Reproduce, exactly and only, the lines of the data that follows from the one containing "Bitrix 97826: footpath_691021_1280.jpg" down to the one containing "-成都浩海立方海洋公园", without pictures.

---------- PROVIDED RECORDS ----------

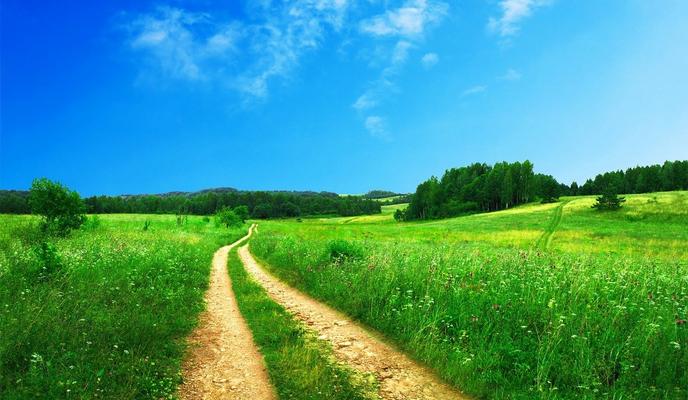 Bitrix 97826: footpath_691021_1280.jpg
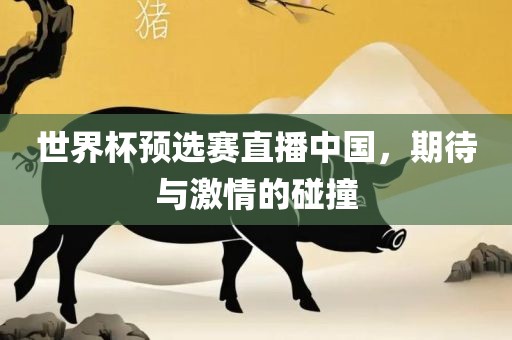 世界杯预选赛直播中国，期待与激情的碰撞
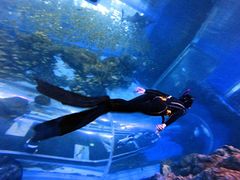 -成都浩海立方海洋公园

----------
---------- PROVIDED RECORDS ----------

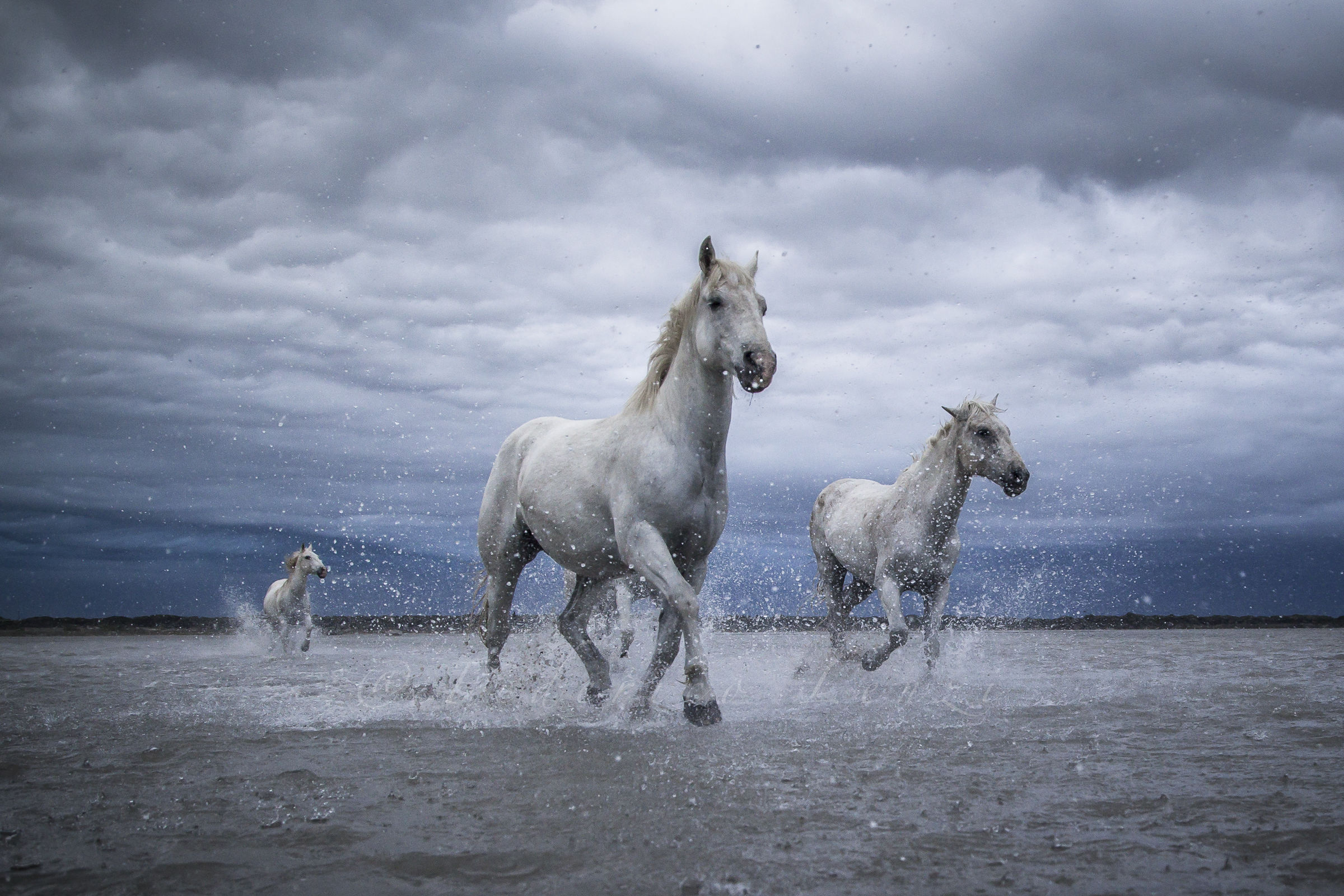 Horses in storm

----------

TASK SOLUTION >>
 Bitrix 97826: footpath_691021_1280.jpg
 世界杯预选赛直播中国，期待与激情的碰撞
 -成都浩海立方海洋公园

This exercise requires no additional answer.